**REQUIREMENT:**
For each line in the material below that holds "Avenue", copy that line.

##############################

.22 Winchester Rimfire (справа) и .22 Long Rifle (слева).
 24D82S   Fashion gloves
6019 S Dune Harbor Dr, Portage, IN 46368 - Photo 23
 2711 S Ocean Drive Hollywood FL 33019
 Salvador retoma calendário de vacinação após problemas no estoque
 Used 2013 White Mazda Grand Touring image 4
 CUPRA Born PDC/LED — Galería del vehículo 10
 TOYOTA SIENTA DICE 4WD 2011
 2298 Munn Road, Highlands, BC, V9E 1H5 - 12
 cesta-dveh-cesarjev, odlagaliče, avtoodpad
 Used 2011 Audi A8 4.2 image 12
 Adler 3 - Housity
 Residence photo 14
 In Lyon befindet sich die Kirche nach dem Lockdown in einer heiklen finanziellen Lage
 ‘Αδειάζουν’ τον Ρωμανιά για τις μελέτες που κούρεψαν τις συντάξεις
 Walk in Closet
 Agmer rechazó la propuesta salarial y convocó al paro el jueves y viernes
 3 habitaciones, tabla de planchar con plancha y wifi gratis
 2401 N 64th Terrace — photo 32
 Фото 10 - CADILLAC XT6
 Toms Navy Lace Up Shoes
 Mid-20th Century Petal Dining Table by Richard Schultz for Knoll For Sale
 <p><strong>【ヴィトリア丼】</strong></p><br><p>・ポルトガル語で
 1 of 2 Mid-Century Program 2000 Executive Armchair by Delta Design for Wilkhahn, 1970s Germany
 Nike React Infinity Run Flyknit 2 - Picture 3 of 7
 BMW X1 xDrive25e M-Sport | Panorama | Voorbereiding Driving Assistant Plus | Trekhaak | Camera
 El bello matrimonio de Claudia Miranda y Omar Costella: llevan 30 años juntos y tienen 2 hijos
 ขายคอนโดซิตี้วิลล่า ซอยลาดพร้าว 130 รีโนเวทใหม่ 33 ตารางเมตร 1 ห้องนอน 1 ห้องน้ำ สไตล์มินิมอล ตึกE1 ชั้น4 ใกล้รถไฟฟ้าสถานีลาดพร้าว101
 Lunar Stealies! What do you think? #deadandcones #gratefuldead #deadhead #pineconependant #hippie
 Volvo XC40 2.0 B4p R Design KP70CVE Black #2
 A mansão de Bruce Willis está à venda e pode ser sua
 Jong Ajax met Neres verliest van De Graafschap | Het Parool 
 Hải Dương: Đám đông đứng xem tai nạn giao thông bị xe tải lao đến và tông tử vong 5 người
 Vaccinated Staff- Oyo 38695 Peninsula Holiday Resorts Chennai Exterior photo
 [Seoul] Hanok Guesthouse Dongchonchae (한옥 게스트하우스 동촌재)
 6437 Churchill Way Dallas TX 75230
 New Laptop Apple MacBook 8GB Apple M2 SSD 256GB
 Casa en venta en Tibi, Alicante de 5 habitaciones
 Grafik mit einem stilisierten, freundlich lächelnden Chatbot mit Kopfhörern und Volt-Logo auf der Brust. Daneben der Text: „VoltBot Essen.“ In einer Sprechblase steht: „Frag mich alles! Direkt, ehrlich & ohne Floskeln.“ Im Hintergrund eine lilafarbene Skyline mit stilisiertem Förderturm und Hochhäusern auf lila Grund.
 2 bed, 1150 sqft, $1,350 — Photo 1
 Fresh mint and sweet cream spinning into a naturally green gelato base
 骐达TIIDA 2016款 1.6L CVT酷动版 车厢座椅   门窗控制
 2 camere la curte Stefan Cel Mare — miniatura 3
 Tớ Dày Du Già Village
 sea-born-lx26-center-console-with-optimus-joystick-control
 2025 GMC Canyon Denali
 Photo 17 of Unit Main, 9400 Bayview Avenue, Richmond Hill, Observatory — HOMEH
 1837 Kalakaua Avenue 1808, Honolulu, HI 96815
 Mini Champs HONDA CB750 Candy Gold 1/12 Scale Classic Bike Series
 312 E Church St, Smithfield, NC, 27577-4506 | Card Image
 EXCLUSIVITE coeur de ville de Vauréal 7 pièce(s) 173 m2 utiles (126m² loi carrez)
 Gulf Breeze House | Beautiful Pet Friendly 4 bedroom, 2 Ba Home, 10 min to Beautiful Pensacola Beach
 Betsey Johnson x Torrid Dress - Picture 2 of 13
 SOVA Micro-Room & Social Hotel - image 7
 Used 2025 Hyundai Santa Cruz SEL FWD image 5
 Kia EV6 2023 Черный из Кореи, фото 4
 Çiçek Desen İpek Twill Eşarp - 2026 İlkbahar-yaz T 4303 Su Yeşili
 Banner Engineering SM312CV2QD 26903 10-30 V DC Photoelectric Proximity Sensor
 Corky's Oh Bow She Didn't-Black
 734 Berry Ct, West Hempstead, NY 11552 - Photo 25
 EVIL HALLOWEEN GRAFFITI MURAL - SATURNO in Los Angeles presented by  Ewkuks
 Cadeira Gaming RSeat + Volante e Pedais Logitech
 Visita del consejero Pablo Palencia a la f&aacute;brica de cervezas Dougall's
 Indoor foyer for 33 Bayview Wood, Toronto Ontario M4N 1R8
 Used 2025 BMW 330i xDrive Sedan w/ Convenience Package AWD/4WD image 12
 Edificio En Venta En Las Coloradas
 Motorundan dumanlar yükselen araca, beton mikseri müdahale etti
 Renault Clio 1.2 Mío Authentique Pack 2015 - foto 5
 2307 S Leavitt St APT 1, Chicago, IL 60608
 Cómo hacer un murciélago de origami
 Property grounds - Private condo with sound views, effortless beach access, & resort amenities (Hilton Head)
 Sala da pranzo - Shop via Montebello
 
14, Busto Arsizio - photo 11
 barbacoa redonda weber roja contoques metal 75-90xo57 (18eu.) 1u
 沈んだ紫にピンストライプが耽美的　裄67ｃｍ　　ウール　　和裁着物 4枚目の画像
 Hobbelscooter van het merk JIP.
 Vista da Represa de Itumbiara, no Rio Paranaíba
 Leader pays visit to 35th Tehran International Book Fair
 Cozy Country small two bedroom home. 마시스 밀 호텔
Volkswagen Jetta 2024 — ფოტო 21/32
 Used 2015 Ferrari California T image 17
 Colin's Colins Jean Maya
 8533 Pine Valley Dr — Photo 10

##############################

**OUTPUT:**
 Photo 17 of Unit Main, 9400 Bayview Avenue, Richmond Hill, Observatory — HOMEH
 1837 Kalakaua Avenue 1808, Honolulu, HI 96815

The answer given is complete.